Prepare wrappers and pan
Separate the Dumpling Wrappers and keep them covered with a lightly damp towel so they do not dry out. If they seem thick, roll them a little thinner so they will layer and steam more delicately. Line a large flat frying pan or skillet with 2 to 3 layers of parchment paper, leaving enough overhang to lift the finished lasagna out later, then lightly oil the top sheet so the wrappers will not stick.
Layer the lasagna
Lay a single layer of dumpling wrappers across the bottom of the lined pan, overlapping them slightly to make one continuous sheet. Spread a thin, even layer of the chicken filling over the wrappers. Continue alternating wrapper layers and filling layers until everything is used, finishing with a final layer of wrappers on top.
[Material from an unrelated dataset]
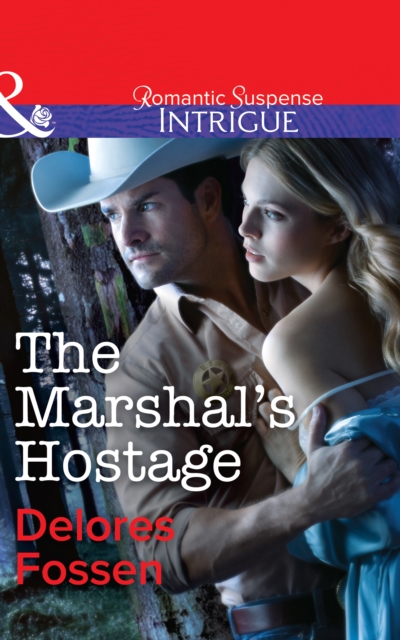 The Marshal's Hostage, EPUB eBook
Press down gently to compact the layers and smooth the surface so it cooks evenly.
Steam gently
Cover the assembled lasagna with another sheet of parchment or the pan lid, then add enough water to the pan around the parchment-lined lasagna to come about 1 to 1.5 cm up the sides. Keep the water level below the food itself. Set the pan over medium heat and bring the water to a gentle boil; once you see steady steam, lower the heat to medium-low and steam for 15 minutes, keeping the simmer gentle so the parchment stays in place and the layers cook evenly.
Rest and serve
Turn off the heat and let the lasagna rest, covered, for 5 minutes so the filling settles and finishes cooking gently. Lift it out carefully using the parchment overhang, let it stand for about a minute, then slice into portions. Serve warm with chili oil drizzled over the top and the reserved green onion scattered on for a fresh finish.